Lowrey tweeted: “American view-from-nowhere, ‘objectivity’-obsessed, both-sides journalism is a failed experiment … The old way must go. We need to rebuild our industry as one that operates from a place of moral clarity.”

Turley said writers like Glasser and Lowery can join any movement they like and “discard pesky notions of journalism as striving to offer unbiased accounts for the public to reach their own conclusions.”

“The alarming aspect of these views is that they are prevailing,” he said. “It is now common to hear academics and reporters reject ‘both sideism’ as a trap and even a form of racism. Even the publishing of opposing views is now considered dangerous as shown by the removal of New York Times editor James Bennet, who resigned in the recent controversy over an editorial by Sen. Tom Cotton.”

Turley warned that with “the collapse of objectivity will come the collapse of journalism.”

Already, the industry’s credibility is at a historic low, he said.

“The Knight Foundation has found that three-fourths of the public believe the media is too biased; some 54% believe reporters regularly misrepresent facts, and 28% believe reporters make things up entirely.”

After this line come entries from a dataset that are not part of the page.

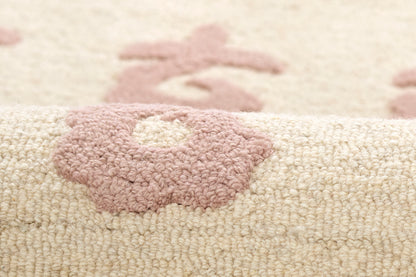 Lily LIY-2 Pink Area Rug, soft pink hand-tufted wool with cottage-style charm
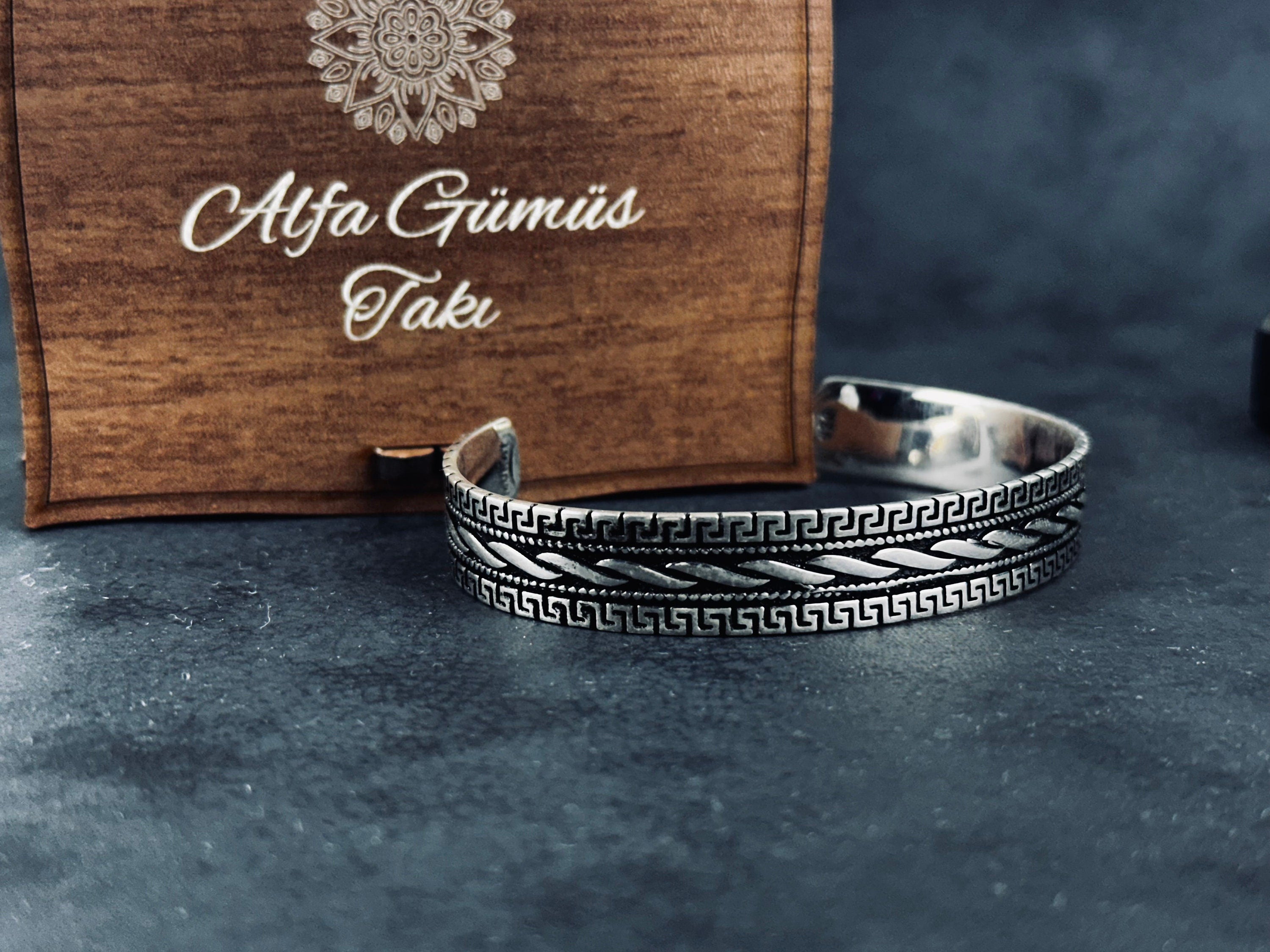 Greek Sterling Silver Cuff Bracelet, Handmade Adjustable (Unisex)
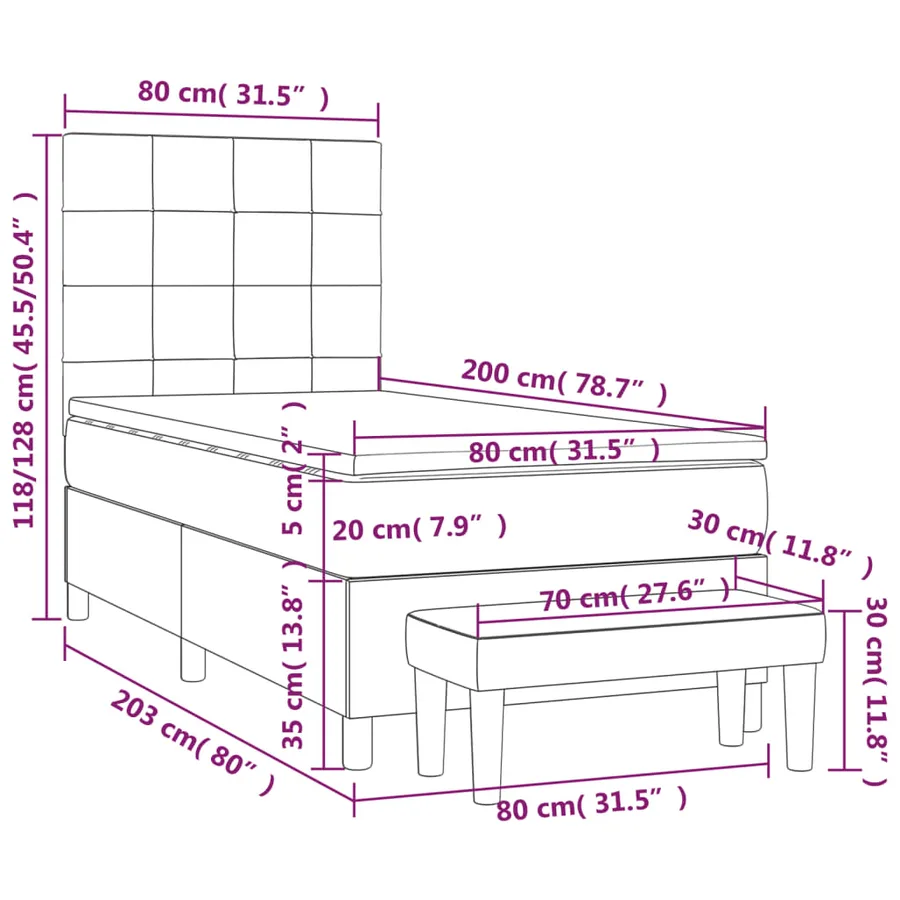 Sommier à lattes de lit avec matelas Crème 80x200 cm Tissu - 8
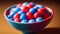 An Illustration Of A Remarkable Picture Of A Bowl Of Blue And Red Eggs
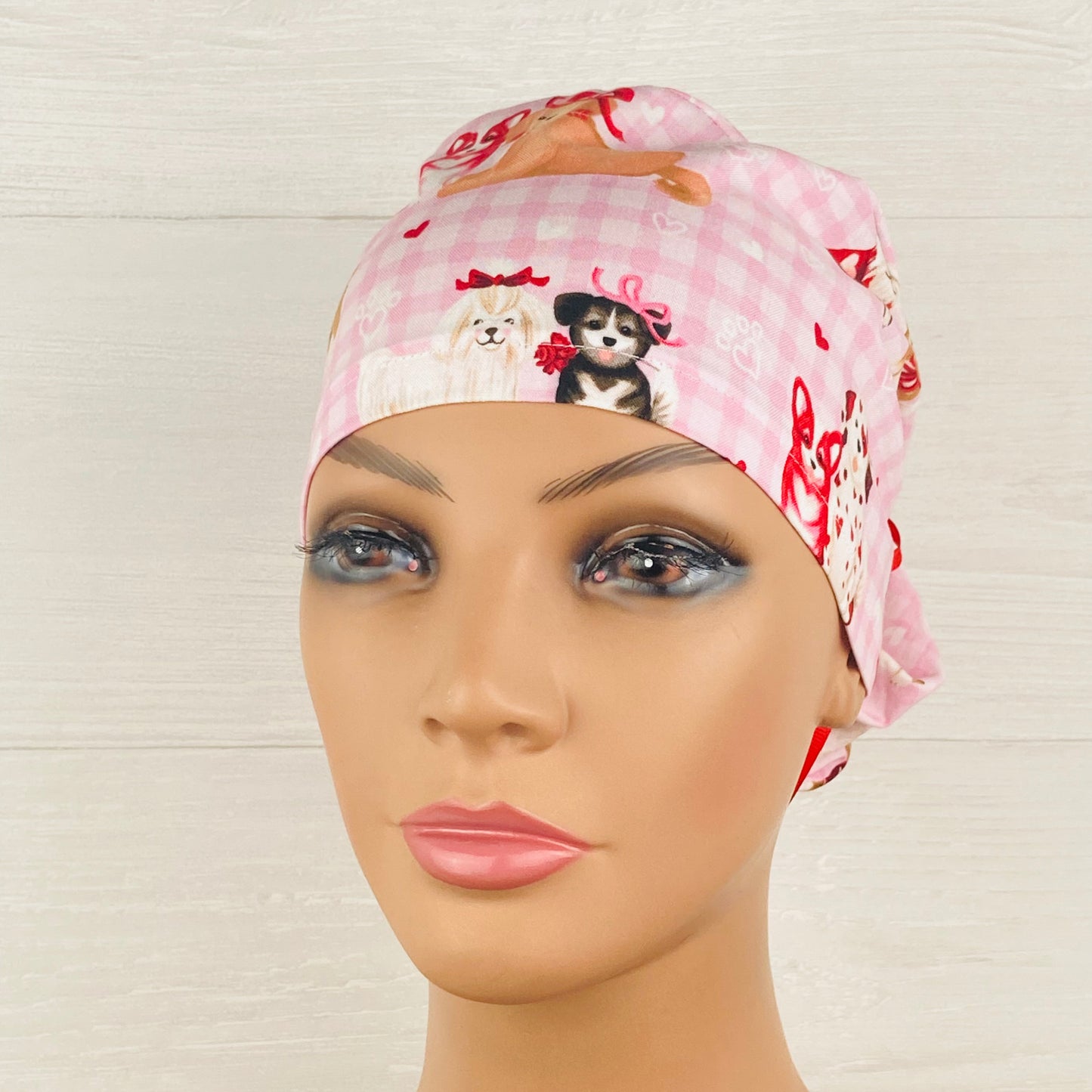 Gingham Valentines Day Dogs Ponytail Hat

The real damage is coming, he said.

“What will be lost is one of the most important protections of liberty found in a free press. It has been the media that has triggered most reforms in our history from the Pentagon Papers to Watergate. Yet, this was only because the public trusted the media because of the very objectivity and neutrality values that Glasser, Lowery, and other[s] now reject.”

In an exchange with Campus Reform, Glasser went even further.

“My understanding of journalism, like my understanding of history, rests on the premise that there is no finally correct description of anything – only interpretations,” he said.

He told Campus Reform the group needed to define “objective truth” in its question. When the organization did, he responded, “No offense, but who cares what you think about what I said?”

Campus Reform said he later apologized.